High-risk DeFi speculators have lost $15 million in a rapid rise and fall of an unreleased NFT game called Eminence.
1/x First, the data;
1. Yesterday we finished the concept behind our new economy for a gaming multiverse. Eminence. As per my usual methodology, I deployed our staging contracts on ETH so we can continue developing on it.
2. Eminence is at least ~3+ weeks still away
— Andre Cronje (@AndreCronjeTech) September 29, 2020
Eminence Finance (ticker EMN) is an unreleased project under construction by yearn‘s Andre Cronje. Its smart contracts were deployed without announcement last night and quickly discovered by the community.
Despite almost zero information being available on the project, speculators surged into the token manually by interacting with the contracts, with $15 million of funds being used to mint EMN tokens in a matter of hours.
It didn’t take long, however, for the untested, unaudited code to be exploited by an attacker, who swept the contract clean of the 15M DAI invested. The hacker has graciously sent half of the funds totalling ~8M DAI back to the yearn deployer address, used to partially reimburse affected accounts.
Image credit of Banteg.
Where did the project come from?
According to a Tweet by Cronje following the attack, the project is a DeFi-based game which was not due to be released for another 3 weeks or more.
It was suggested by one Twitter user, IslandKiyo, that the game was likely a joint effort between Cronje and a 2018 Kickstarter project called Eminence: Xander’s Tales, which appears to share the same name and branding. The original game was a card-collecting role-playing game, which proposed a virtual world and an in-game currency.
You’re hearing it here first, certified alpha leak, I smell the rebirth of an old card game with an NFT/DEFI twist… $ENM
Do some digging on “Eminence: Xander’s Tales” and you’ll find that @AndreCronjeTech even follows the lead artist for the project… 👀
More soon, follow me
— Kiyo (@IslandKiyo) September 28, 2020
Aside from an Eminence Twitter page with a single post (retweeted by Cronje himself without context), no other details about the project were made available in the public eye – no website, no discussion groups, and no documentation.
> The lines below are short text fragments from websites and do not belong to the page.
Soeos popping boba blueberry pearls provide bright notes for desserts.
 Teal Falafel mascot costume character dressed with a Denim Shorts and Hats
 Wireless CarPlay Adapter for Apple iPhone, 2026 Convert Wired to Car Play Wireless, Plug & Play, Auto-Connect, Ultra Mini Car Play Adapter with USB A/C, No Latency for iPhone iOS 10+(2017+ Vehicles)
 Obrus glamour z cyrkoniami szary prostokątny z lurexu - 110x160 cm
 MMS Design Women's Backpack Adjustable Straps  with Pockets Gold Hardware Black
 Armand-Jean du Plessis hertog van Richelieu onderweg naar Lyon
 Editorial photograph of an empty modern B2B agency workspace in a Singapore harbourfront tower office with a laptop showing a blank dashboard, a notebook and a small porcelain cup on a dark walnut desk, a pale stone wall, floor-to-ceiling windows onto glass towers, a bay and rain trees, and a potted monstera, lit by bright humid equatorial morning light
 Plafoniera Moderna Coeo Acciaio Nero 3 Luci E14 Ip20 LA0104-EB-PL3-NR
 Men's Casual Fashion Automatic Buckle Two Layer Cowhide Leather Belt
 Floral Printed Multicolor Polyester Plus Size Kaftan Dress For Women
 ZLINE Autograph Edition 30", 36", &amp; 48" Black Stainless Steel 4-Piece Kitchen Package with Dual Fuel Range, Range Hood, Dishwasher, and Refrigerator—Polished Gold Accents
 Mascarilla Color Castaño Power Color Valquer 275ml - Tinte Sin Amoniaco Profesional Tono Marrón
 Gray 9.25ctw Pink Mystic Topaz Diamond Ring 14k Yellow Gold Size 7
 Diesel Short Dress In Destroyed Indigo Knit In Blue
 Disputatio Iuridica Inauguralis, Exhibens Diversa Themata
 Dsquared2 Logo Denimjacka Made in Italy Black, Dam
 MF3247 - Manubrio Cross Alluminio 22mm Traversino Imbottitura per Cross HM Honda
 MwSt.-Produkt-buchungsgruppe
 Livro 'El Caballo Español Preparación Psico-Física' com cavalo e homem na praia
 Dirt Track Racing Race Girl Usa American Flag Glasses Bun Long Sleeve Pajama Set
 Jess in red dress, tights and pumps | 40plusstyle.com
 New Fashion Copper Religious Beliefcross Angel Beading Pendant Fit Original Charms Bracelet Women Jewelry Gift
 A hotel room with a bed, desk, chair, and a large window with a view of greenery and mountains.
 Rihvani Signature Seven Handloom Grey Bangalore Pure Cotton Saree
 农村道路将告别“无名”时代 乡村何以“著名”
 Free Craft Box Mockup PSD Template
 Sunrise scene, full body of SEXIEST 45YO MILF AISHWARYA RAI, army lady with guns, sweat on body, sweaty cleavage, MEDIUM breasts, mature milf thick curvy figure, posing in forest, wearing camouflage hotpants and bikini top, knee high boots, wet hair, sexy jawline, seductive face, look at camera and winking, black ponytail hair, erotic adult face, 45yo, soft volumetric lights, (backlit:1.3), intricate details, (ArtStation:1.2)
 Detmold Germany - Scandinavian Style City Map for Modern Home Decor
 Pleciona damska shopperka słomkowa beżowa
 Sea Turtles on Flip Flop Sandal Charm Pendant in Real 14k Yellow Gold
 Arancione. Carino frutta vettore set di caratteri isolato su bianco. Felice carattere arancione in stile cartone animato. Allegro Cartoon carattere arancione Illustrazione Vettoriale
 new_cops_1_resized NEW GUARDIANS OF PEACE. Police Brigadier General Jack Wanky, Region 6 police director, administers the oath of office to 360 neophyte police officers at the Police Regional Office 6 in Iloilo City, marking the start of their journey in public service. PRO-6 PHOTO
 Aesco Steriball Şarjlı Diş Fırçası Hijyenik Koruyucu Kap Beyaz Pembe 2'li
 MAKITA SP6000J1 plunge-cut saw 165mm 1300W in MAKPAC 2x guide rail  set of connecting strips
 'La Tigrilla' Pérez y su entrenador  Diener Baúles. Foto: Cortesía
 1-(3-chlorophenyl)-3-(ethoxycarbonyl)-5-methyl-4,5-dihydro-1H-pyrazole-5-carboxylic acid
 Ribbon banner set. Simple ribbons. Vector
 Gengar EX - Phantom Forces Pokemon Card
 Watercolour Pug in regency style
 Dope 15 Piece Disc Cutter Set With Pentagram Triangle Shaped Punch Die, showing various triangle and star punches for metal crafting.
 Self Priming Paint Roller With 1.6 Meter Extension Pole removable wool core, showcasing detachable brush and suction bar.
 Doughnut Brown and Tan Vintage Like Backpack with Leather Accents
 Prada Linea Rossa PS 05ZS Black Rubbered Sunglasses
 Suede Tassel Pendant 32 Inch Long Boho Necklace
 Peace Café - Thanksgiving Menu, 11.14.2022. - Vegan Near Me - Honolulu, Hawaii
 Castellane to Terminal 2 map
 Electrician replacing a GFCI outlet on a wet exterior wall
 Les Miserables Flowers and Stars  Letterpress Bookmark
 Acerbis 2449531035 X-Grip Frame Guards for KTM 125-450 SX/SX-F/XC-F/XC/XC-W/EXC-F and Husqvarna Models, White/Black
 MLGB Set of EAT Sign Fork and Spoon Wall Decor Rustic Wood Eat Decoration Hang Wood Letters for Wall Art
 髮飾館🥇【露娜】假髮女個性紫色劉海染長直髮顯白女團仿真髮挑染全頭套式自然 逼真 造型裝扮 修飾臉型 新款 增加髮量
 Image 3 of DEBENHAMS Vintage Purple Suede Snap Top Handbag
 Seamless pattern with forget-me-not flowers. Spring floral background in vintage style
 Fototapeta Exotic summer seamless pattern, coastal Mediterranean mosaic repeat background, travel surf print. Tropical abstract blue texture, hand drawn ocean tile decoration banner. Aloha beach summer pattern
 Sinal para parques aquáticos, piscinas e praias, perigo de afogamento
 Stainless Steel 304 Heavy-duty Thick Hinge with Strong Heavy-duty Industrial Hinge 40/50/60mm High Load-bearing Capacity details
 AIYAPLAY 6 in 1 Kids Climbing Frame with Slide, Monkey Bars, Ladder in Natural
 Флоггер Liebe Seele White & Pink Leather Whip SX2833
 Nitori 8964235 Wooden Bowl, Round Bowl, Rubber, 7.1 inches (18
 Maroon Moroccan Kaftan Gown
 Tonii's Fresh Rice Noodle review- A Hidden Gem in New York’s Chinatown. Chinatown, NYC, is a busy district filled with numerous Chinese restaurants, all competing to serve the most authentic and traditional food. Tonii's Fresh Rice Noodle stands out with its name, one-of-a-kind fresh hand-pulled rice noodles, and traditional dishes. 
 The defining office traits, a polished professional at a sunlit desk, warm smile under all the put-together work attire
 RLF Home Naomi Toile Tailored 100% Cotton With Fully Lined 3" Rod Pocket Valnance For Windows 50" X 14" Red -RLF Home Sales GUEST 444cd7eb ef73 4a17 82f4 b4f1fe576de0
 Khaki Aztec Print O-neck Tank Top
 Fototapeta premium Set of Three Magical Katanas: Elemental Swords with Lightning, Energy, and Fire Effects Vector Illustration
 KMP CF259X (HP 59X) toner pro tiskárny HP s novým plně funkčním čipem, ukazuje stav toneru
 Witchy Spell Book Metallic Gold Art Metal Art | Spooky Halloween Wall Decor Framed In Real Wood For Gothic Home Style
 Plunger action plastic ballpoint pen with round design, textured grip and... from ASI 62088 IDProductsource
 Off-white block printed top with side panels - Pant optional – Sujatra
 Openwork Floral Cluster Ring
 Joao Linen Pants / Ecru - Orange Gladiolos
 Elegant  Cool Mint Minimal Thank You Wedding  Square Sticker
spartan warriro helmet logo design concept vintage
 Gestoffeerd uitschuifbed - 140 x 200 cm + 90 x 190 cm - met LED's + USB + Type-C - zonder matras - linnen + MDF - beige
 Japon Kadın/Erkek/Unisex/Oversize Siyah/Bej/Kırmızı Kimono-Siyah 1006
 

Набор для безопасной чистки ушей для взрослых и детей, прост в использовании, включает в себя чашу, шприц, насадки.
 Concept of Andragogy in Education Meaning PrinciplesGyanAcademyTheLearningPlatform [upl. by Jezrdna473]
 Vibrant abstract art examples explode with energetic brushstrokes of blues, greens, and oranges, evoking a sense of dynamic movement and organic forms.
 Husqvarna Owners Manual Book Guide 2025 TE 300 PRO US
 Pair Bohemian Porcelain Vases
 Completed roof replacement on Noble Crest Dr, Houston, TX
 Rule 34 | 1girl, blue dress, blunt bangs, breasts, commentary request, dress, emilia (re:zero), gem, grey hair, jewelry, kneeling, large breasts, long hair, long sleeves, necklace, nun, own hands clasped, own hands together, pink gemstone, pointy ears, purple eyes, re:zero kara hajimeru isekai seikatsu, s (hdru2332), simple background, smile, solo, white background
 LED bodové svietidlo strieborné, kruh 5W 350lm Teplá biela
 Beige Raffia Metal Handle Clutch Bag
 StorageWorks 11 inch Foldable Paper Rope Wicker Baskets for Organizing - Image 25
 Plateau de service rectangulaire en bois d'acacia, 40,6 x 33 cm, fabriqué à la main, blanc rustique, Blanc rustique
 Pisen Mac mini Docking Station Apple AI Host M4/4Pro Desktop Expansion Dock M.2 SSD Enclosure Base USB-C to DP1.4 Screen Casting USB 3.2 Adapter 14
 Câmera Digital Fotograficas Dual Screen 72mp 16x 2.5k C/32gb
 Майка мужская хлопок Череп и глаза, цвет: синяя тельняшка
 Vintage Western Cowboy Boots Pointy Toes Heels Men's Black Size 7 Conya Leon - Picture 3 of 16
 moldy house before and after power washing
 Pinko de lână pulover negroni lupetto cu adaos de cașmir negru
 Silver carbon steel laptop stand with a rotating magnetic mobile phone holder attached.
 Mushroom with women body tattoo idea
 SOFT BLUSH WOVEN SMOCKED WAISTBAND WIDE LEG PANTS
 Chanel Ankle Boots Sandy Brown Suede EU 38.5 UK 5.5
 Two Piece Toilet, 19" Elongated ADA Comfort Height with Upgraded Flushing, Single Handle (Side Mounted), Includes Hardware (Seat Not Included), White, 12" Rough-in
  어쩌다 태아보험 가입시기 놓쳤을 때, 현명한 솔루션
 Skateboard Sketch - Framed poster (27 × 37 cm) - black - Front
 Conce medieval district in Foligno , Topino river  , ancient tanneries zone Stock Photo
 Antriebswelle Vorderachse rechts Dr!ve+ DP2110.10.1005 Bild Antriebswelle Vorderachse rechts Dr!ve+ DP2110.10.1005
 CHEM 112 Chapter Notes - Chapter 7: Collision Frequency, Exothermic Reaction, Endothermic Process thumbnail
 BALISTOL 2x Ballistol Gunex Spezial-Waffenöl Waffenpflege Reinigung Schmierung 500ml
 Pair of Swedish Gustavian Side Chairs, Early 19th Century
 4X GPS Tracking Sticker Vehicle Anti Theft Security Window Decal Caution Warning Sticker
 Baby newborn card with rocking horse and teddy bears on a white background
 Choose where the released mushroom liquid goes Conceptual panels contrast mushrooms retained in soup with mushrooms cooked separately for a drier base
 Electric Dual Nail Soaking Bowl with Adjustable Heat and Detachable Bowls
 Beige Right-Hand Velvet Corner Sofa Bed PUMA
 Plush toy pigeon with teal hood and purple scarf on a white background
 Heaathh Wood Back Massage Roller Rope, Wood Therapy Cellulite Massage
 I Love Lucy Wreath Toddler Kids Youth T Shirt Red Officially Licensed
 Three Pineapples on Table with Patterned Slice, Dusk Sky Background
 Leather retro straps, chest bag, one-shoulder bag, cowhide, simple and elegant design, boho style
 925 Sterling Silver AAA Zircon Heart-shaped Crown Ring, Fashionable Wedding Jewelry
Community members, however, noticed the deployment of the game’s contracts from the yearn.finance contract deployer address, and jumped at the chance to get in first on a new YFI-related project.
EMN trading frenzy
News of the project – still lacking hard evidence of any project details – rapidly spread across social media.
Tech-savvy users began to purchase EMN tokens manually via Etherscan, paying with Dai. Liquidity did not take long to hit decentralized exchange Uniswap, which just as quickly became swarmed with traders.
The Uniswap EMN-ETH market has reached almost $12M worth of trading volume at the time this was written.
EMN Exploit
The fun didn’t last long, as an attacker swiftly found an exploit in the project which enabled them to mint themselves billions of tokens – all funded with a flash-loan.
The attacker then dumped the tokens via the Eminence smart contract , sweeping the contract clean of 15M DAI.
Surprisingly, the attacker followed this by returning $8 million of the stolen funds to Andre Cronje’s Ethereum address, unprompted.
1) Alright so here’s what I gather happened with EMN:@AndreCronjeTech was working on a new protocol. It was still in the testing phase, not ready to be released, in case e.g. it had bugs. He hadn’t yet vetted it.
It did, in fact, have an exploit https://t.co/lvvfhnm2OQ
— SBF (@SBF_Alameda) September 29, 2020
What happens now?
Upon being awoken by messages related to the debacle, Cronje has sent the $8 million in returned funds to the Yearn treasury. From there, he has decided that the funds will be returned to EMN holders using a snapshot of balances before the attack took place.
This will equate to approximately a 50% refund for EMN holders before the attack.
He has also stated that he will continue to build the project and deploy test contracts, which are likely to contain vulnerabilities.
If one thing is for sure, EMN serves as a valuable lesson to DeFi traders who have become comfortable with YOLO’ing into the hottest new token. Thankfully, 50% of funds are being returned. While it’s unlikely, hopefully EMN can serve a lesson to always DYOR before investing in unaudited, unverified contracts.